Tiny python package that compresses your pickles using gzip. Quacks like a pickle.
* For small objects (< 100 bytes) gzip overhead can end up increasing in size. Only squash your pickles when you are working with big objects.
First install the package, this has no additional dependencies:
pip install squashpickleThen replace your pickle calls with squashpickle ones.
squashpickle implements, dump, dumps, load, and loads functions.
To avoid confusion, it is recommended to dump and load to file with .gz extension eg: pkl.gz, but there is nothing enforcing this.
The GZIP compression can have a HUGE impact on large objects. Say you are pickling something like a polars / pandas dataframe; these pickles may end up being hundreds of MBs. With squashpickle can get compression ratios exceeding 10x.
For example, if we load a large dataframe of Australian weather data.
Using pickle, this object serializes to 37794198 bytes (~37.8MB).
Dumping the same dataframe with squashpickle results in 3370363 bytes (~3.4MB), around 9% of the overall file.
import polars as pl
import pickle
import squashpickle
df = pl.read_csv(r"C:\temp\weatherAUS.csv", null_values=["NA"])
print(len(pickle.dumps(df)), len(squashpickle.dumps(df)))As with any compression, there is a performance cost to achieving the smaller files.
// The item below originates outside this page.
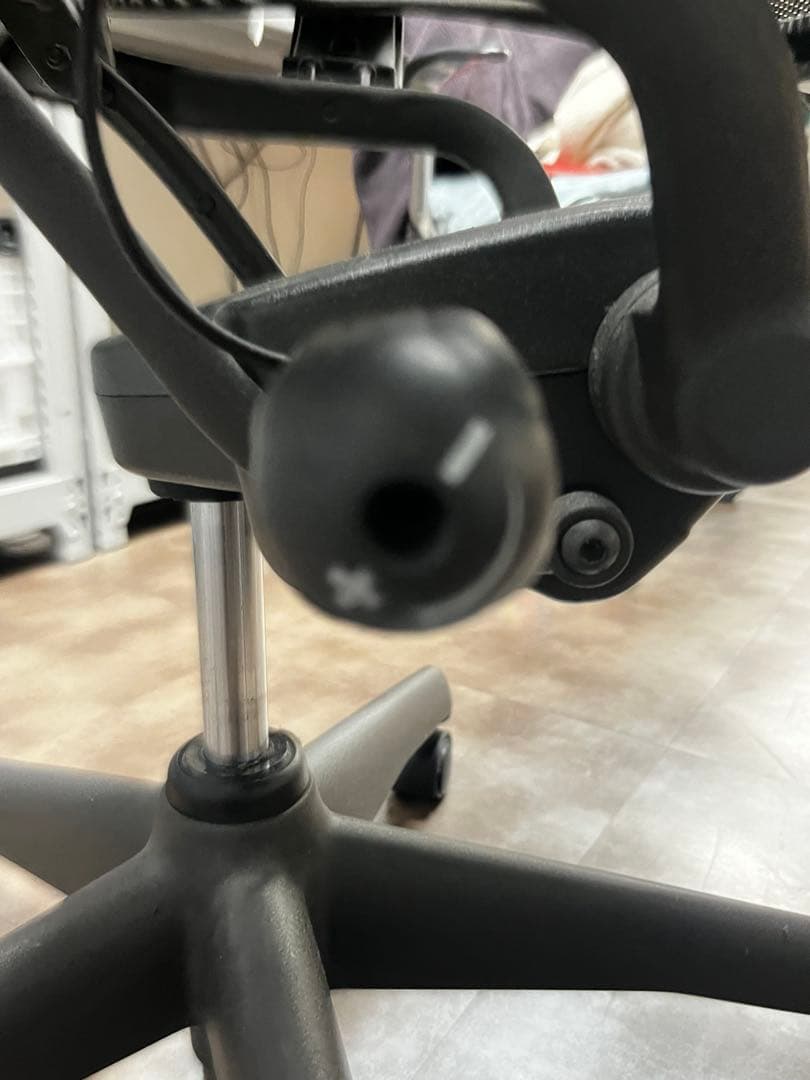 Herman Miller / ハーマンミラー アーロンチェア AE111PWB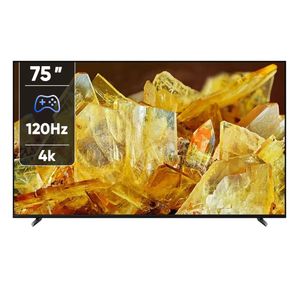 تلویزیون 75 اینچ ال ای دی هوشمند سونی مدل KD-75X90L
For objects <1MB this is hardly noticeable, but for objects hundreds of MBs the delay can be significant. It'll depend on your use case if this is a worthwhile tradeoff.
squashpickle uses Python's pickle and gzip modules internally. As with pickle and gzip, never load data from untrusted sources. Deserializing malicious pickle data can execute arbitrary code.